A follow up paper showed how different ways of accounting for effort in locomotion lead to different (and sometimes, bizarre) optimal gaits Frontiers paper

The Pitch-Translation Tradeoff Hypothesis
Why do mammals trot? This "two-beat" gait involves expensive up-down oscillation of the body, that could be mitigated with distributed "four-beat" gaits. Yet trotting is the slow-running gait of choice for most mammals - though some, like giraffes, wildebeest and elephants, prefer not to trot.
I have been exploring whether the pitch moment of inertia resolves this conundrum. Pitching the body is expensive, and can be avoided with a trot. But if your body naturally resists pitching (e.g. a giraffe's long neck), then you can use alternatives to trotting.
I have validated this theory in a modelling framework (JEB paper, talk) and am looking to perform experiments and measurements to verify it in animals.
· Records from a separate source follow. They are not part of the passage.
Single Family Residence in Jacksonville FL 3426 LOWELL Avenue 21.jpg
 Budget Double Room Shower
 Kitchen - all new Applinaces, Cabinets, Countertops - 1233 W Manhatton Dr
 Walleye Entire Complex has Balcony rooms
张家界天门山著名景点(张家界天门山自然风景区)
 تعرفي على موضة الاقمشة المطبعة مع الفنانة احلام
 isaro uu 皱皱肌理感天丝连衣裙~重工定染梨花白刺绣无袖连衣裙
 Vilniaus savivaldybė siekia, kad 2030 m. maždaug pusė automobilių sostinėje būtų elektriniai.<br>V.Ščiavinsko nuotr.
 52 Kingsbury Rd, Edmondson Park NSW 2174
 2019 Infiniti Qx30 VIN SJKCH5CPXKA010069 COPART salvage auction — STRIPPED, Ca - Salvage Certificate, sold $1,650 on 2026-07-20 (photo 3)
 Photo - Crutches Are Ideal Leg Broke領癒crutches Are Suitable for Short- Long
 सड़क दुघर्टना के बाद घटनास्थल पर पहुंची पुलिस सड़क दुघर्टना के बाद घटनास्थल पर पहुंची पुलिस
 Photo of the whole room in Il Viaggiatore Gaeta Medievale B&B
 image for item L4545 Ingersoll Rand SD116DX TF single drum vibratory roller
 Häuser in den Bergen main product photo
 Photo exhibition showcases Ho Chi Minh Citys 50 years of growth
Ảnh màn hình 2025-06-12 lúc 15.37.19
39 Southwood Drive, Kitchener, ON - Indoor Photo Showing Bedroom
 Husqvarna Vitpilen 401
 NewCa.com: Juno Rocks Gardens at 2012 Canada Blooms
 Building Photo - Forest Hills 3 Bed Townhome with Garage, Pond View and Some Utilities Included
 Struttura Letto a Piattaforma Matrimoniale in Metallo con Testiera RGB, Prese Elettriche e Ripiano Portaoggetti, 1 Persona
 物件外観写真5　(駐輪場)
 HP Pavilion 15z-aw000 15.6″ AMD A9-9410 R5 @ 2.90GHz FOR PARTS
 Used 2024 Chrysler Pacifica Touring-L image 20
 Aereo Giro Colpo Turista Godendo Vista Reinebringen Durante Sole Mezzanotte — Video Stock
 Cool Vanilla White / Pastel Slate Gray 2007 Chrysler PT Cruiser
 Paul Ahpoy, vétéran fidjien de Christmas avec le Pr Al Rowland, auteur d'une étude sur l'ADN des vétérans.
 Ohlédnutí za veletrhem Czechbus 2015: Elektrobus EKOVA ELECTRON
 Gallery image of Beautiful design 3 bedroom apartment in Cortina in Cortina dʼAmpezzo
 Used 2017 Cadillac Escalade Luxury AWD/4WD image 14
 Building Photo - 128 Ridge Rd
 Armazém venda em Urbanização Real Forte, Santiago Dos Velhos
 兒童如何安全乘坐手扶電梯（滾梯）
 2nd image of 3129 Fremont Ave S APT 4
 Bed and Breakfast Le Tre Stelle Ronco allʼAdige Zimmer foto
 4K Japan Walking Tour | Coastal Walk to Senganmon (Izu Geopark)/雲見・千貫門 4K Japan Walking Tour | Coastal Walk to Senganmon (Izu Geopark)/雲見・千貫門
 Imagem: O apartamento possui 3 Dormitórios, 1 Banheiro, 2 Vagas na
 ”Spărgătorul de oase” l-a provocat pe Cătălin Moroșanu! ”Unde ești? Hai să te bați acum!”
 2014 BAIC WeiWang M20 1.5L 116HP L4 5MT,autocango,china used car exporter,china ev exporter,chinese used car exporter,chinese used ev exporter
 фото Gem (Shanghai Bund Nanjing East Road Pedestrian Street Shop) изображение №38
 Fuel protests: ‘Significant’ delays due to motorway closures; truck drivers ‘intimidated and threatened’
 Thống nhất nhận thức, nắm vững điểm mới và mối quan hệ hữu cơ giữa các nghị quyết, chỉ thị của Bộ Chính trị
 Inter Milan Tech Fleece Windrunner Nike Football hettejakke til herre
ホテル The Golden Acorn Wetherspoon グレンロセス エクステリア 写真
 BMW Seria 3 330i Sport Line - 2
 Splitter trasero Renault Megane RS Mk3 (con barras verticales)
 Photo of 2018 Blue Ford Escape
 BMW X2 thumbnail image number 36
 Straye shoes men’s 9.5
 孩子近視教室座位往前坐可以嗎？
Reduced gravity locomotion
To determine if animals choose gaits to optimize metabolic energy expenditure, we can modify their environment to make the usual pattern suboptimal, while an unusual pattern becomes more economical.
Changing gravity is a pronounced environmental change with a reliable effect on an organism's mechanics. With simple conceptual models, we can make specific predictions about how humans and other animals will adapt for economical locomotion.
JEB paper, Dynamic Walking Poster, Summary Video, 2019 Longer Video, 2020 Update Video

Insect wing microstructure for efficient drop shedding
Insect wings are covered in small bumps, hairs or scales called microstructures. These microstructures often have a particular but locally-variable orientation. Why? For my undergraduate independent research project, I showed that the orientation may promote efficient drop shedding. Published in PLOS One

Wing rapid area change for fast perching
Many birds go from flying at a high speed to landing on a small branch in fractions of a second. One way they may accomplish this is by quickly changing the frontal area of their wings. This "rapid area change" takes advantage of strange added mass effects, quickly shedding the mass of the air attached to the wing like propellant firing out of a rocket nozzle.